*** Data section Section Begins ***

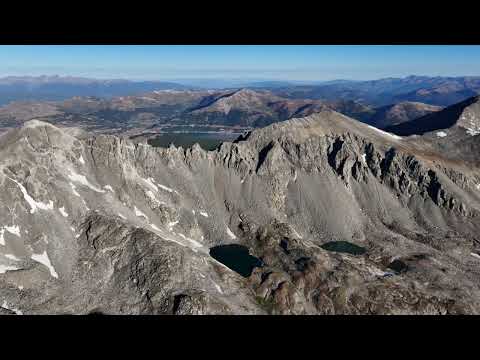 Https Open Spotify Com Track 1iC776R0liuisynK7Uiz6p Si ZLHlZ3eCSWyKM LvHzL30A  Https Open Spotify Com Track 1iC776R0liuisynK7Uiz6p Si ZLHlZ3eCSWyKM LvHzL30A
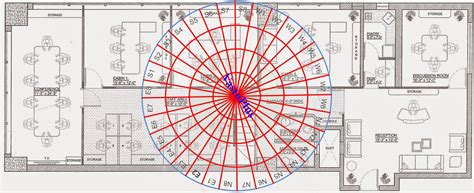 Vastu Shastra: Office Vastu - Vastu Shastra for Office - Corrections ...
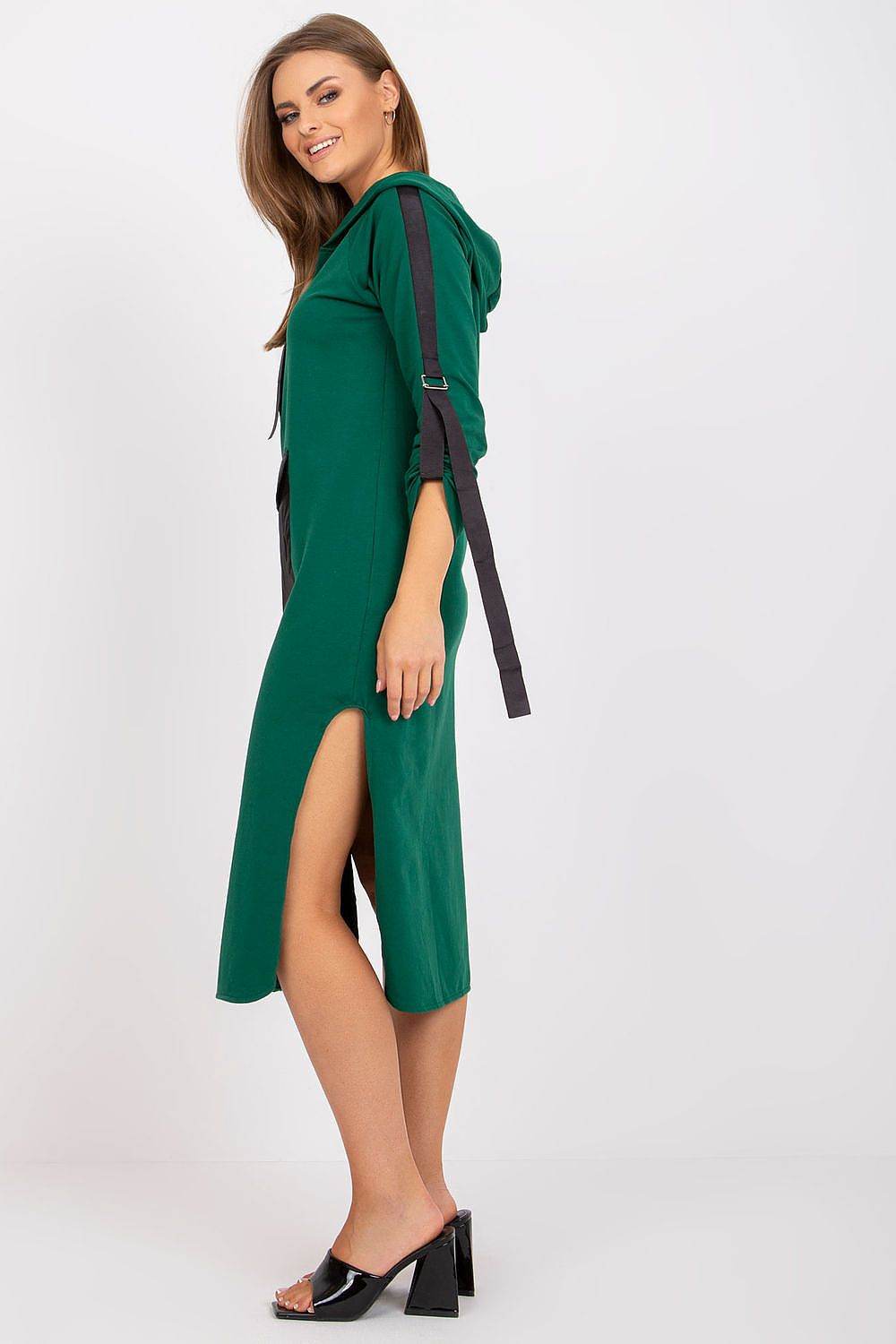 Daydress Ex Moda - CELIA MODA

*** Data section Section Ends ***

Task requirements
Return the listing above word for word. Keep the images out.

Your response
 Https Open Spotify Com Track 1iC776R0liuisynK7Uiz6p Si ZLHlZ3eCSWyKM LvHzL30A  Https Open Spotify Com Track 1iC776R0liuisynK7Uiz6p Si ZLHlZ3eCSWyKM LvHzL30A
 Vastu Shastra: Office Vastu - Vastu Shastra for Office - Corrections ...
 Daydress Ex Moda - CELIA MODA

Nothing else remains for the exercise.